One result has been the growth of religious sectarianism: “Unsurprisingly, the Gulf Arab states, headed by Qatar and Saudi Arabia, have led this attempt to find an ‘entry card into the Syrian opposition’, through means such as financial support and limited arming of various Islamist groups. Despite the fact that these groups represent a very small minority of the movement against Assad, their access to foreign funds and weapons has accentuated a dangerous sectarian discourse that threatens to undermine the Syrian uprising” (p. 262).
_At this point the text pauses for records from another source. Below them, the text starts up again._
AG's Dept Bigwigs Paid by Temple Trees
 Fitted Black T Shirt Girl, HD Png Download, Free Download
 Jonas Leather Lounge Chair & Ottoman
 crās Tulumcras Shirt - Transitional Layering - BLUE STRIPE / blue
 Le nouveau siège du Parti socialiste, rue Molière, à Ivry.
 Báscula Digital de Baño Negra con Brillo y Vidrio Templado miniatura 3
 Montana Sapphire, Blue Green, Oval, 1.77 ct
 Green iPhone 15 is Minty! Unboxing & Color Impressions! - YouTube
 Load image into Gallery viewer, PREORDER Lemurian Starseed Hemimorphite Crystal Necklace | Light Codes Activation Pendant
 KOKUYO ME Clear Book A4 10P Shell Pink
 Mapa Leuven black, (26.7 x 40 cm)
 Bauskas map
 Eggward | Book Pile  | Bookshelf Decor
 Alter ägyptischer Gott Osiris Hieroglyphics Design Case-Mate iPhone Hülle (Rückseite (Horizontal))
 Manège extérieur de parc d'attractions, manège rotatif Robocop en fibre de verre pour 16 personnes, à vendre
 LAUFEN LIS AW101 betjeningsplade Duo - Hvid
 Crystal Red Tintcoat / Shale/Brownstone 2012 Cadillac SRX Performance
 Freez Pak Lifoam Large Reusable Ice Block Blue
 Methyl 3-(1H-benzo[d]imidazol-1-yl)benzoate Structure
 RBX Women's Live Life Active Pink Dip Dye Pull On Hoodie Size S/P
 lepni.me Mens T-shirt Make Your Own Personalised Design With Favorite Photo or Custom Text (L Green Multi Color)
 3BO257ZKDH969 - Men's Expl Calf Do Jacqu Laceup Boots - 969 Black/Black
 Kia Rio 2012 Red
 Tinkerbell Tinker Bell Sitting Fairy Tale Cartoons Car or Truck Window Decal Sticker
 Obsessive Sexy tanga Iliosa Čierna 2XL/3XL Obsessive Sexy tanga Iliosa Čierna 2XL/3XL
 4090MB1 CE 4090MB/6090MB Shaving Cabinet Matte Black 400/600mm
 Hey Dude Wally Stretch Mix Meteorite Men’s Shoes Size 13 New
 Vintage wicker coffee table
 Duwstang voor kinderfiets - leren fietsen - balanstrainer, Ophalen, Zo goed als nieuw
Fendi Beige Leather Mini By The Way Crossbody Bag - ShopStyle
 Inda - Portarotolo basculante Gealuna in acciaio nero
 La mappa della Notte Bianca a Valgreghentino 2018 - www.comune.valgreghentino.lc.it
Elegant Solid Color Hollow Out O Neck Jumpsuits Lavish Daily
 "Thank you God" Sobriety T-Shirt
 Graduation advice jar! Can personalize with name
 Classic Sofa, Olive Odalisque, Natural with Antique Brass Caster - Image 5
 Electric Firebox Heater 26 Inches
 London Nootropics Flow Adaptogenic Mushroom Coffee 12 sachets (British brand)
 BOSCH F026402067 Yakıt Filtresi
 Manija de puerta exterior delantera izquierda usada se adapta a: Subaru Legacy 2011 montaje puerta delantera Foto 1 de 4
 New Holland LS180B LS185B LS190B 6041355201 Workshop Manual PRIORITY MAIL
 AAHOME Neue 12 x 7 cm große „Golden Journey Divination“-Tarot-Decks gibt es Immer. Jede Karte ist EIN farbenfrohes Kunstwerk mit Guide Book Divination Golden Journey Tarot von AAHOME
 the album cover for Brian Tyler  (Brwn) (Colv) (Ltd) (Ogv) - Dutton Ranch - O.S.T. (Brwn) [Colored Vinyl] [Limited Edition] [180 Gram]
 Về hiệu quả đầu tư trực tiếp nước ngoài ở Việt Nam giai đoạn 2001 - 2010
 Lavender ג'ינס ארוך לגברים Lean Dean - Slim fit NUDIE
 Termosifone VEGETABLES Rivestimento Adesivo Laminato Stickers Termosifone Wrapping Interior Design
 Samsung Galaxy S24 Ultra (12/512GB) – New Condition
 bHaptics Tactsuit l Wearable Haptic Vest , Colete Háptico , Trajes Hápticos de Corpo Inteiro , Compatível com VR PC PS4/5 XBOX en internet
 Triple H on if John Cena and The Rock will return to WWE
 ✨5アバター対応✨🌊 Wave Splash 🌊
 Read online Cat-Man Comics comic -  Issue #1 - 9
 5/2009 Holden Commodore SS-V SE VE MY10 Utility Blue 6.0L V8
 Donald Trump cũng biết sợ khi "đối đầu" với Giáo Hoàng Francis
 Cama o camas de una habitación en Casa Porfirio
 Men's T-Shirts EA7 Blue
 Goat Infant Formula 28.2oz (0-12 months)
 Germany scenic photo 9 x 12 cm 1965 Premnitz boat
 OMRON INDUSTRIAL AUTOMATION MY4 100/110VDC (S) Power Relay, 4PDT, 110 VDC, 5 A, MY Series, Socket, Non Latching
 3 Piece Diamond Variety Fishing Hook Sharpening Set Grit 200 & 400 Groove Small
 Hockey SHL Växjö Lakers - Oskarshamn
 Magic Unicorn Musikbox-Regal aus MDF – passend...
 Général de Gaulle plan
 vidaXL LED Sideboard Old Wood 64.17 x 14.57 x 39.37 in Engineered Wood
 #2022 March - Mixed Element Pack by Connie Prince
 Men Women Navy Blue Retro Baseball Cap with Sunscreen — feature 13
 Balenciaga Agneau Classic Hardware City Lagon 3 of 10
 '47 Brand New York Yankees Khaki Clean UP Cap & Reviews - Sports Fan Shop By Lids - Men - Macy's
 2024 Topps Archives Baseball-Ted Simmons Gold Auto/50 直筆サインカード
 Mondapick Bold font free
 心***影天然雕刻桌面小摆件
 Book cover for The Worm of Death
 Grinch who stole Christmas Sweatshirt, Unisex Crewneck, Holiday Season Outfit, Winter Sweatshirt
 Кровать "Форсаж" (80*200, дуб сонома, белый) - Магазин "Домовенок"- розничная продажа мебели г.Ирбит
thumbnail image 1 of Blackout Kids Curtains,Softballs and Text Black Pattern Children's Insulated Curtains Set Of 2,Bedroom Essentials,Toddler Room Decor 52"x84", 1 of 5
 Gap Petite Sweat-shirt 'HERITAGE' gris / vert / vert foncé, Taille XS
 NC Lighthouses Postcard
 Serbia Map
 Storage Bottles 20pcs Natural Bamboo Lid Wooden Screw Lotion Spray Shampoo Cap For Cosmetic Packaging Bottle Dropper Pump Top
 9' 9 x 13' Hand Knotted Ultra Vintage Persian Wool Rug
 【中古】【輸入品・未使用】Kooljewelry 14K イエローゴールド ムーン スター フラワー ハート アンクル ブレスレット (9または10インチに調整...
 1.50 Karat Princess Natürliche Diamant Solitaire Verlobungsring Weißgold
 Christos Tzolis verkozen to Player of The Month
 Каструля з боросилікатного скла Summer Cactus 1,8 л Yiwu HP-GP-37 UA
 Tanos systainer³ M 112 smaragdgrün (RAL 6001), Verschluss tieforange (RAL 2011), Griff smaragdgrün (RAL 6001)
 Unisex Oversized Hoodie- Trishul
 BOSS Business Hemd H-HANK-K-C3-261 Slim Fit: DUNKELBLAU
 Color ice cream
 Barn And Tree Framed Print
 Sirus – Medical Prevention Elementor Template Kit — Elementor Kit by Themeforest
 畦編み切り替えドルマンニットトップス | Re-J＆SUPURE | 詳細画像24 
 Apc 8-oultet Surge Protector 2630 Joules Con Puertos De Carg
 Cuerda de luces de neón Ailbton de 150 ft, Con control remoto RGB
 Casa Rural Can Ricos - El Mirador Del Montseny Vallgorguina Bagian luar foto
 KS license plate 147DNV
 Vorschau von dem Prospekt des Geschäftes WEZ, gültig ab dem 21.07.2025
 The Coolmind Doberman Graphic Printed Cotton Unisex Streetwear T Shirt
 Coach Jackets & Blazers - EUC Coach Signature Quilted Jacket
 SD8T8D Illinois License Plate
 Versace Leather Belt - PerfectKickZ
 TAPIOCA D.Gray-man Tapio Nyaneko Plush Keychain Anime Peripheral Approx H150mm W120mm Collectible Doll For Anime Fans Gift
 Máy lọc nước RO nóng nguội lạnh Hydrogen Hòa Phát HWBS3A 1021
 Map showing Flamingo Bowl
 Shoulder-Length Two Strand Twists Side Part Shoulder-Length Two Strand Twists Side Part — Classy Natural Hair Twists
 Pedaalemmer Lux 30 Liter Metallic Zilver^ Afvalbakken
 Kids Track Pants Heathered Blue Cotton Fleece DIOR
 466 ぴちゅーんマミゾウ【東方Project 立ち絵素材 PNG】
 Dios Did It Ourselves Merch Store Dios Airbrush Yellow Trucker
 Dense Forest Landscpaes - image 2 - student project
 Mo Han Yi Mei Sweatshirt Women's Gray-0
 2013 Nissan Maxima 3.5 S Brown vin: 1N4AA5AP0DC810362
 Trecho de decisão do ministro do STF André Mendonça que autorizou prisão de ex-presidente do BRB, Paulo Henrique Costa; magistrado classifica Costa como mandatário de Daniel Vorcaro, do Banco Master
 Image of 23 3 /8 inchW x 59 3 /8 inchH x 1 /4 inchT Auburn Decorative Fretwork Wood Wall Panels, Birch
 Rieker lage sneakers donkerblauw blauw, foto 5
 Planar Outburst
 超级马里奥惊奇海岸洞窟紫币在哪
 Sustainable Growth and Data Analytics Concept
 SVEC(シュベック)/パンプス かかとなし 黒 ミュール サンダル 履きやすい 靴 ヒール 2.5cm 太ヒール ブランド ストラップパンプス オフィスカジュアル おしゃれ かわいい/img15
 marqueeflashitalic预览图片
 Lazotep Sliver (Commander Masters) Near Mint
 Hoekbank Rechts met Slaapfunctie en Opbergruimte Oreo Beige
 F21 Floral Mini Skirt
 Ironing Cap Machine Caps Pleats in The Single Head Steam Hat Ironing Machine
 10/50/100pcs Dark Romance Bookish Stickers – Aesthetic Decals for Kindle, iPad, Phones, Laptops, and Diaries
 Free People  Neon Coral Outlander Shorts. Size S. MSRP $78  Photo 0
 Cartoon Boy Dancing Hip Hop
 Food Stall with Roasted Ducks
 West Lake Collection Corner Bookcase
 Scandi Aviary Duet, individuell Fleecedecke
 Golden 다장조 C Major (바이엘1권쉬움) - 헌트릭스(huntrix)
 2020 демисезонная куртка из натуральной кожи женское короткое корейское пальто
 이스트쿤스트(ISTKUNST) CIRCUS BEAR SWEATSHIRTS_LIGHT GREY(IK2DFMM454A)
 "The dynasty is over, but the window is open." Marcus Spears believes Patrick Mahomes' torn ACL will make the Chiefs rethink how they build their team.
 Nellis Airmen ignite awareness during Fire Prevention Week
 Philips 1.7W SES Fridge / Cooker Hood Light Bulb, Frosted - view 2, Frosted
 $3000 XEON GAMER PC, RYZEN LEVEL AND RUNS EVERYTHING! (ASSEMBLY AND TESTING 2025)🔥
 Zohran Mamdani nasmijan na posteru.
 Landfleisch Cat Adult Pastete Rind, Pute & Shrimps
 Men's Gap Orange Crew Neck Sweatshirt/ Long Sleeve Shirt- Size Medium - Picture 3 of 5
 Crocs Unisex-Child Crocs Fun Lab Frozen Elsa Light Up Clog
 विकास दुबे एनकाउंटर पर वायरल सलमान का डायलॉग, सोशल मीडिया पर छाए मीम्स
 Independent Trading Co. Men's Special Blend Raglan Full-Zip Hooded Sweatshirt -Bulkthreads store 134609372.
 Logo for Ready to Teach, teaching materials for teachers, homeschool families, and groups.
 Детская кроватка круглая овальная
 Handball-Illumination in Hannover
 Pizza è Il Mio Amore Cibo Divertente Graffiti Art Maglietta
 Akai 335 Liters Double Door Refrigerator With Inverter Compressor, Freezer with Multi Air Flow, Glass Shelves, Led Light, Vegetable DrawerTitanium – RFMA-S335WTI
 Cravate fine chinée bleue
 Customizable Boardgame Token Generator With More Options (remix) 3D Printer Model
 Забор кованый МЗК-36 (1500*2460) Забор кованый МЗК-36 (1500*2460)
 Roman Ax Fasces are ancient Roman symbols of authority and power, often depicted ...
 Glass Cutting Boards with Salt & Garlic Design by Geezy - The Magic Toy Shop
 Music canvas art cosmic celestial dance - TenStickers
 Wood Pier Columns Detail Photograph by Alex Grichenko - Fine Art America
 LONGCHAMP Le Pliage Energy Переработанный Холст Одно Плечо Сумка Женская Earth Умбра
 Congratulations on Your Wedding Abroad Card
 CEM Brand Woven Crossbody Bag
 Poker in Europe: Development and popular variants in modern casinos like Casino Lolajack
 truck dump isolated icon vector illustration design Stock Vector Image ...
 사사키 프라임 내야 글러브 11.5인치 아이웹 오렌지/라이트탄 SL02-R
Hanieh argues that the successes of the rebellions in Tunisia and Egypt built on the results of previous struggles: “In Tunisia and Egypt, the strength and prominence of labor movements, expressed through strikes, demonstrations and the emergence of new workers’ organizations, provided a social force capable of decisively confronting the old regime. In other cases, where this earlier history of struggle was largely absent and movements faced much sharper repression, the uprisings took on a more mixed character. This opened them up to being diverted by Western powers, often exploiting and encouraging preexisting ethnic, sectarian, tribal, or parochial divisions. In the case of Libya, this took the form of direct military intervention, in which large parts of the previous state elite simply switched sides” (p. 163).
Summing up, Hanieh says: “The popular movements that erupted in 2011 represented much more than the overthrow of despised dictators. Of course the protesters were centrally united around demands for authoritarian regimes to end, and the demonstrations encompassed a very wide variety of social layers (including, in some cases, elements of the upper classes). But … (the) battle against political despotism is inevitably intertwined with the dynamic of class struggle. These uprisings reflected not just a crisis of regime legitimacy or a concern with political freedom, but were – at their root – confronting the outcomes of capitalist development itself” (p. 164).
Hanieh discusses the attempts of the Western powers to contain the upsurge and promote an “orderly transition”. He also discusses the reactionary role of the Muslim Brotherhood in Egypt. He argues that “the conservative brand of Islam promoted by the Gulf and articulated by Islamist movements such as the MB is a key component of the counter-revolutionary dynamic. The spread of reactionary ideas toward women, religious minorities, Shi’a, and so forth is an essential feature of the ideological battle against the revolutionary movements – one that acts to splinter and weaken solidarities” (p. 171).
The book was written before the July 2013 coup against the Muslim Brotherhood government. Hanieh recognised the existence of conflicts between the army and the brotherhood, but downplayed their significance: “The conflicts between the MB leadership, the military, and the old Mubarak allies remain, but these are best seen as competitive struggles within and between fractions of the same Egyptian capitalist class and state apparatus. At root, they represent similar class interests and are united against the popular movement” (p. 171).
We can agree that both the Muslim Brotherhood and the military are hostile to the struggles of the working class and the oppressed, but the coup shows that the conflicts within the capitalist class can be very intense.
Hanieh finishes on an optimistic note: “Yet despite the best efforts of Arab militaries, Western powers, and political forces such as the MB, it would be wrong to judge the enormous changes that have ensued in the Middle East as aborted or in terminal decline. The root causes of the uprisings remain unaddressed, and the potential for a renewal of struggle is ever present...The millions of people who took to the streets for the first time in 2011 have themselves been radically transformed... These uprisings have irrevocably changed the political consciousness of an entire generation” (p. 173).